En el Foro DemocracIA en Buenos Aires, Maroussia Lévesque, profesora de Harvard, hizo una fuerte advertencia sobre el manejo actual de la inteligencia artificial (IA). Destacó los riesgos de que el poder esté en manos de grandes empresas tecnológicas y la necesidad urgente de regular la IA para proteger las democracias y reducir las desigualdades.

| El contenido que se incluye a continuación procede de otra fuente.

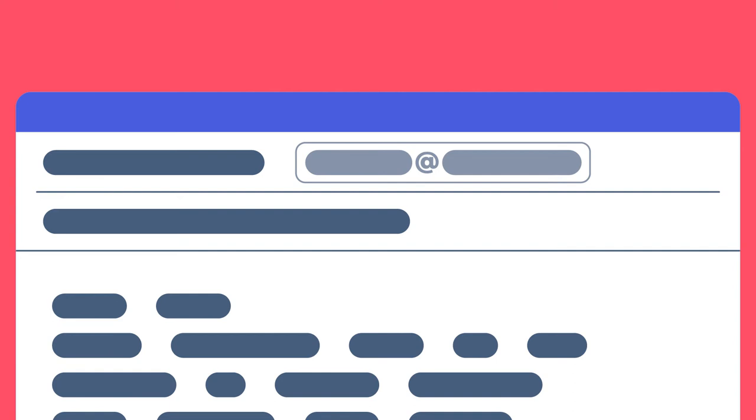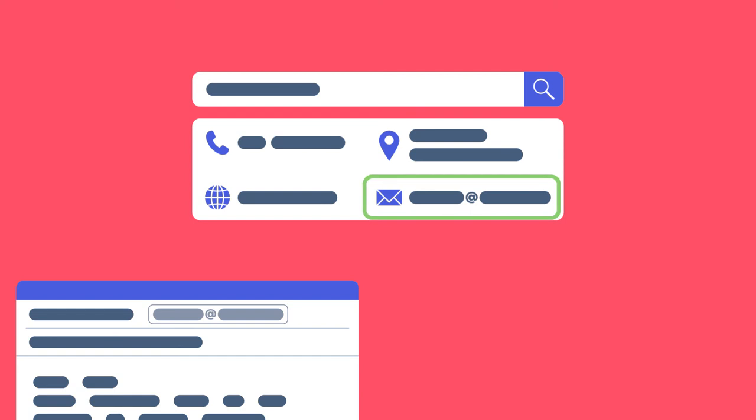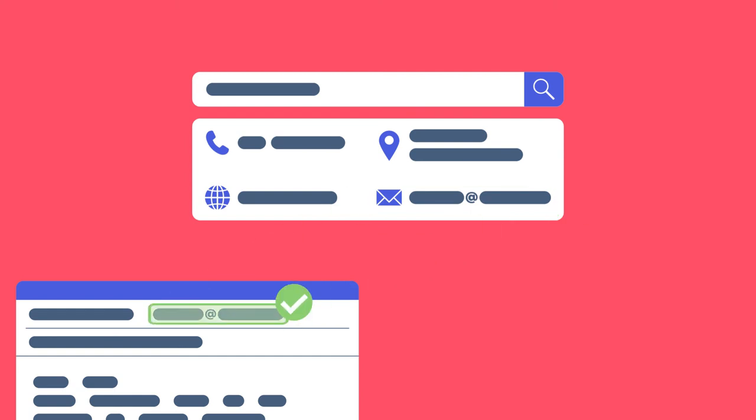When an email seems fishy, review the address and not just the name of the sender. If in doubt, contact the sender to verify the email but not using the details provided.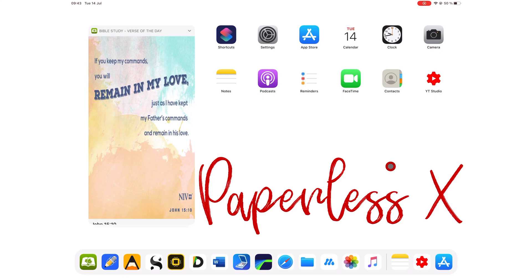WWDC 2020 keynote left me dumbfounded, so we decided to keep my thoughts in my head until we could try out the updates to iPadOS 14 ourselves.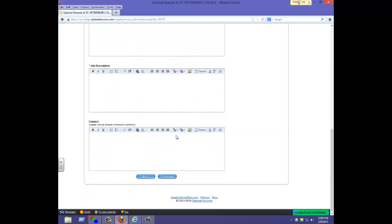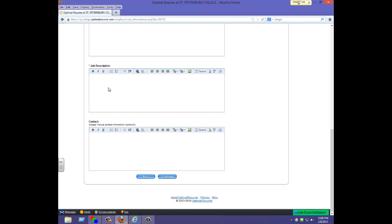Once you fill this information out and click continue, the next page offers the opportunity to select how you would like students to apply. Under application method, one option is to use application instructions provided in the job description. If you would like students to apply directly to your organization's website or an email address of an employee, you definitely would want to include that right here in the job description. Once you save that, students will be able to apply.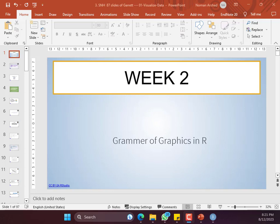Welcome everyone to today's session of week two on hands-on training on R. Today, we are focusing on how to make graphs in R. In the previous session, we talked about how to install R, the concept of libraries and packages, how to load the data, what are the different types of data we can load, how to describe the data, and how to create the mean, median, and mode from the data.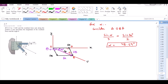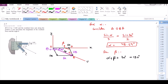Now let's call this angle beta. For beta, the sum of the interior angles of the triangle equals 180 degrees, which means alpha plus beta plus 30 degrees equals 180 degrees. Since alpha is 48.59 degrees, beta is equal to 101.41 degrees.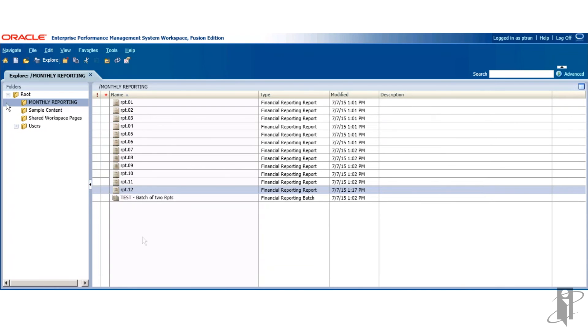You just witnessed applying security at the folder level and then cascading down to all the objects within that folder.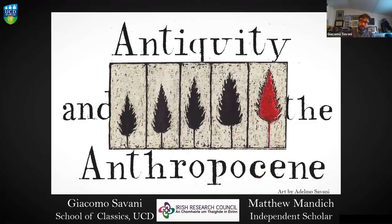Hello everybody. My name is Giacomo Savani and I am an IRC postdoctoral fellow at the School of Classics, UCD. It's a great pleasure for me and my colleague Matthew Mandic to welcome you all today. Before we start, we would like to acknowledge the generous support of funding from the UCD Humanities Institute and the College of Arts and Humanities Interdisciplinary Research Grant. A special thanks is also owed to Valerie Norton at the Humanities Institute for her incredible work behind the scenes.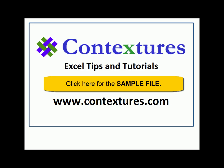For more Excel tips and tutorials, and to download the sample file for this video, please visit my Contextures website at www.contextures.com.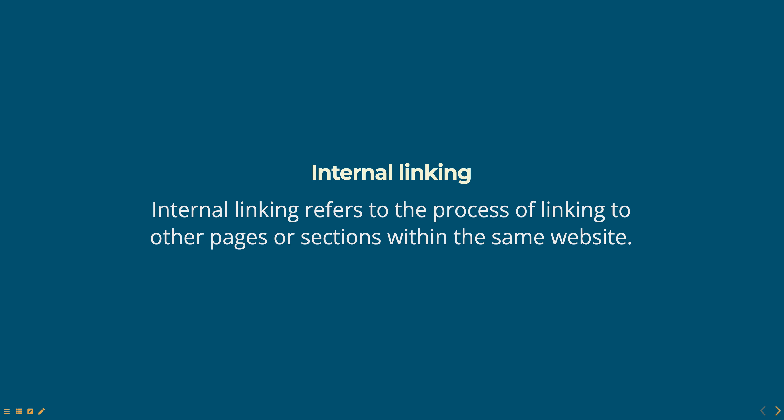In HTML, internal linking refers to the process of linking to other pages or sections within the same website. This is done using the anchor tag. The anchor tag is used to create a hyperlink which when clicked takes the user to another web page or a specific location on the same web page.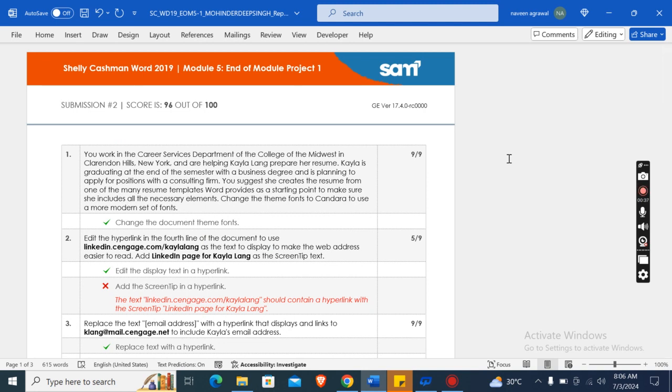But for that you need to contact me on my WhatsApp or email, whichever you want. My all contact details are provided in the description box. So yeah, thank you. Thank you for watching my video.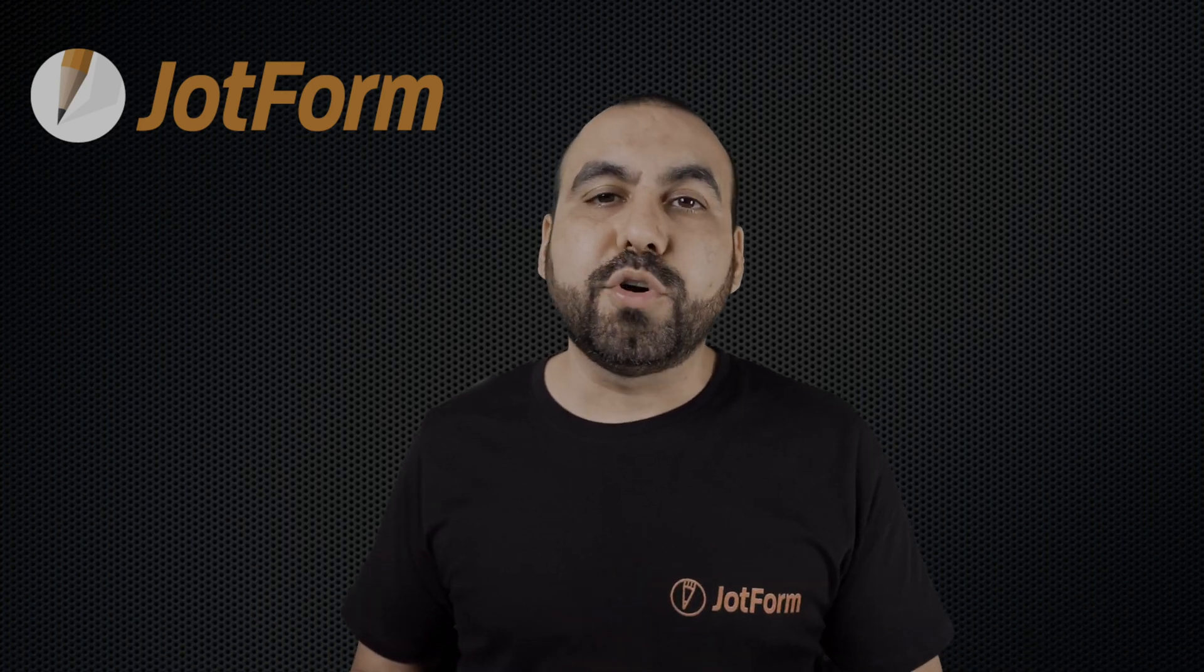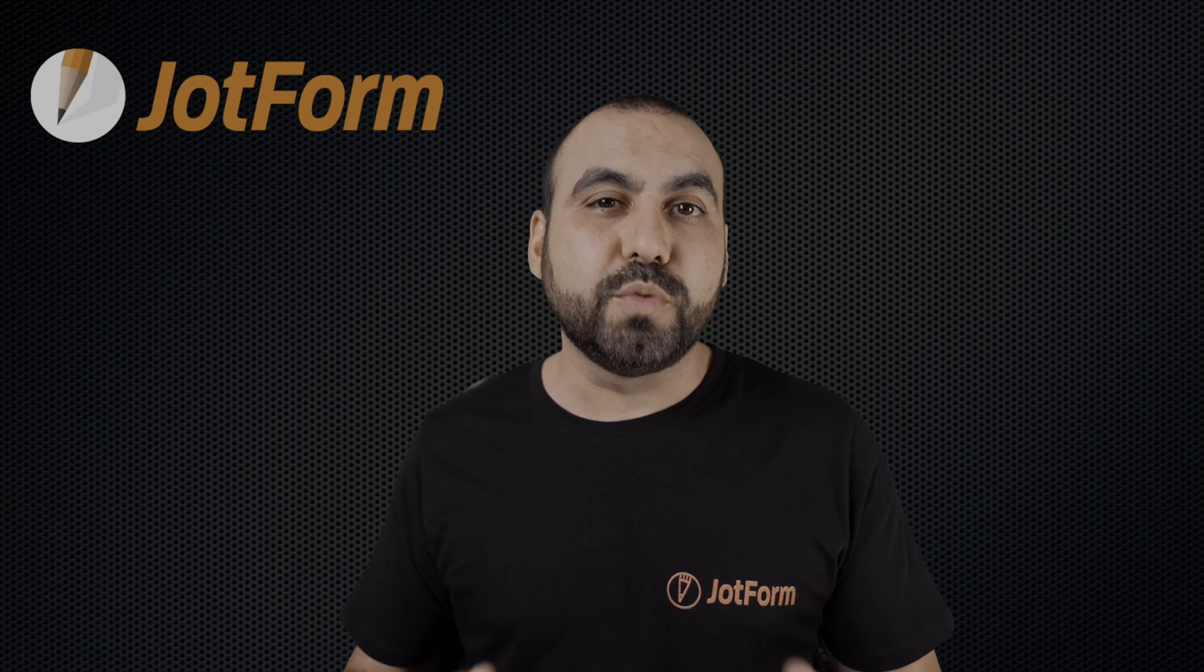Welcome to JotForm. My name is George, and today I'm going to show you how to send email notifications to multiple recipients when a form is filled out.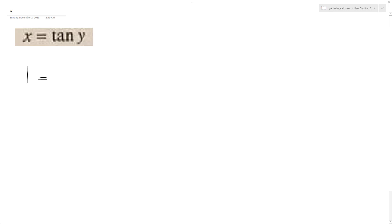We want to find the implicit derivative of x equals tangent of y. When you take the derivative of this, the derivative of x is just 1, and the derivative of tangent is secant squared. So since it's y, we get y prime times secant squared of y.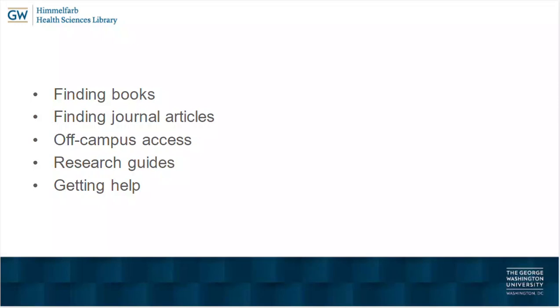After that, we looked at ways of getting off-campus access to the Himmelfarb collection, specifically through the use of the VPN. Then we looked at research guides, and finally, how to get assistance from the Himmelfarb Library by chat, phone, and email.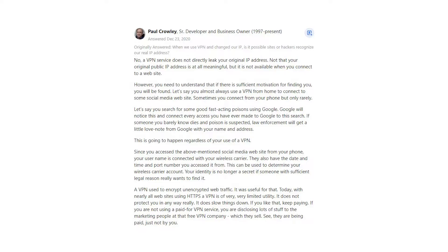If you are not using a paid VPN service, you are disclosing lots of stuff to the marketing people at that free VPN company, which they sell. See, they are being paid, just not by you.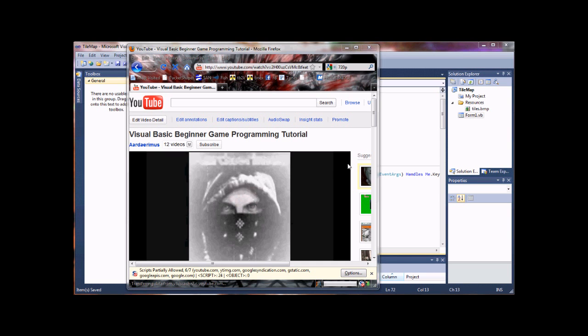Hello everybody, this is Ard Eramis again. Just wanted to share some revisions to my source code from my original tutorial video for Visual Basic Game Programming.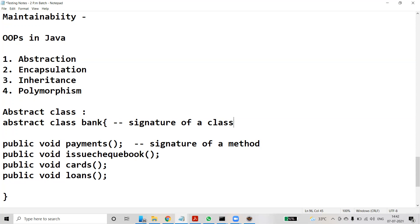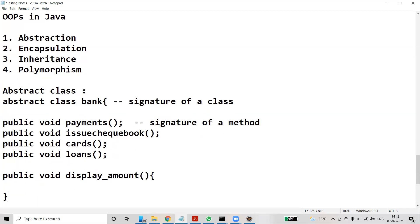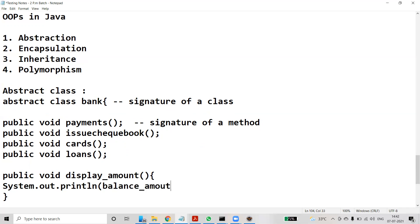If your class has at least one abstract method, the class must be declared as abstract. One advantage of abstract classes is that they can also have concrete methods. For example, 'public void displayAmount()' with a body that executes 'System.out.println(balance_amount)' — this is a concrete method because it has an implementation.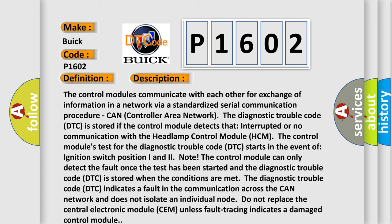The control module's test for the diagnostic trouble code starts in the event of ignition switch position I and II. Note: The control module can only detect the fault once the test has been started and the diagnostic trouble code is stored.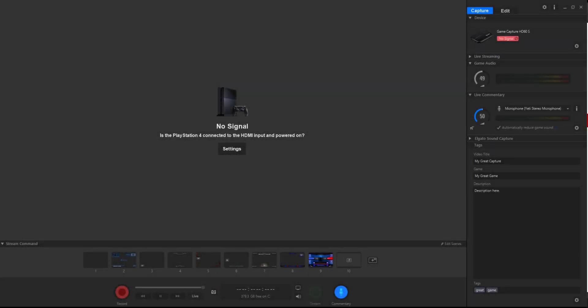What is up everyone, this is MoGtutorials here and today I'm going to show you how to free up some extra space from your Game Capture HD software.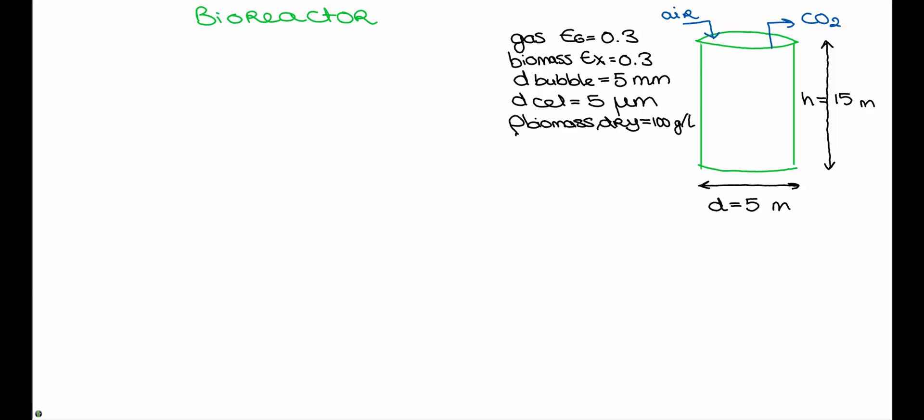Hello everyone, Sharon here again. In this answer video I will explain the answers to the question about the bioreactor that is applied for the production of baker's yeast. I've already made a sketch and written down the necessary information for this question.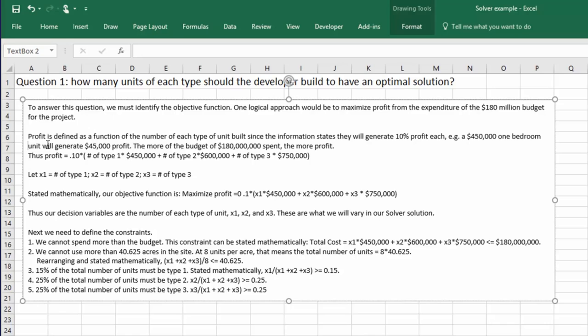And in this case, the thing that jumps out at me is I want to maximize my profit. And how do I do that? Well, profit, as I said earlier, is 10% of the cost.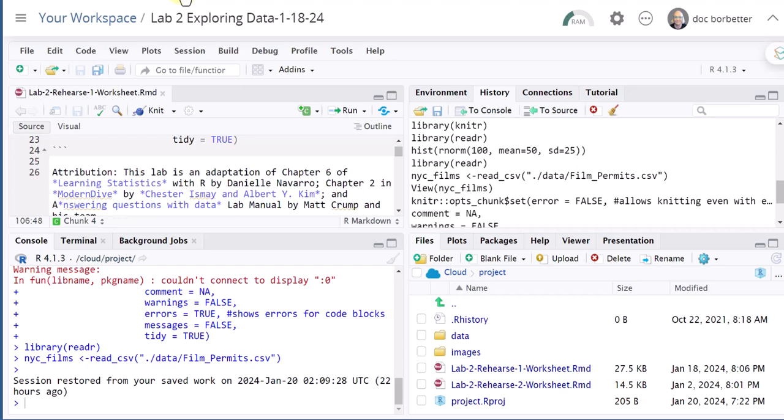Sometimes you need to upload a file into your Posit Cloud workspace. Here I want to upload a copy of the remixed RMD file because I accidentally deleted that file and need to replace it.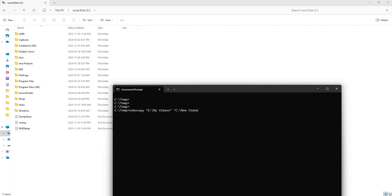So we're going to take everything that's in this folder and put it into this one called New Videos, which hasn't been created on my C drive yet.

Lévesque, una de las expertas en el evento, comentó que las grandes empresas están priorizando la rapidez en el desarrollo de la IA en lugar de la seguridad. Esto provoca que lancen productos de inteligencia artificial sin estar completamente listos, lo que puede afectar la privacidad y los derechos humanos.
“Vemos cómo las empresas tecnológicas compiten intensamente por dominar el mercado de la IA, sacrificando la seguridad en el camino”, dijo Lévesque. También advirtió que el poder excesivo de unas pocas empresas limita la capacidad de los gobiernos para regular adecuadamente estas tecnologías.

Para enfrentar estos riesgos, Lévesque propuso un modelo de gobernanza en el que el poder y la responsabilidad se distribuyan entre varios actores, en lugar de concentrarse en unos pocos. Esto permitiría una mayor participación de la sociedad civil y de los grupos afectados por las decisiones tecnológicas.
Además, la especialista destacó que no se debe depender solo del gobierno. Las empresas tecnológicas también deben supervisarse entre ellas para garantizar que las innovaciones en IA sean seguras y éticas.
En cuanto a América Latina, Lévesque indicó que la región enfrenta desafíos importantes para implementar regulaciones efectivas sobre la IA. Con grandes empresas que tienen más poder económico que muchos países de la región, es difícil establecer normas locales. Sin embargo, enfatizó que las alianzas regionales y la cooperación entre países del Sur Global pueden ser clave para influir en la regulación internacional de la IA.
La advertencia de Maroussia Lévesque resalta la importancia de regular la inteligencia artificial de manera justa, protegiendo los derechos humanos y evitando que estas tecnologías aumenten las desigualdades. Con el rápido avance de la IA, es claro que se necesita actuar, ya que el futuro de las democracias depende de un manejo responsable de estas herramientas.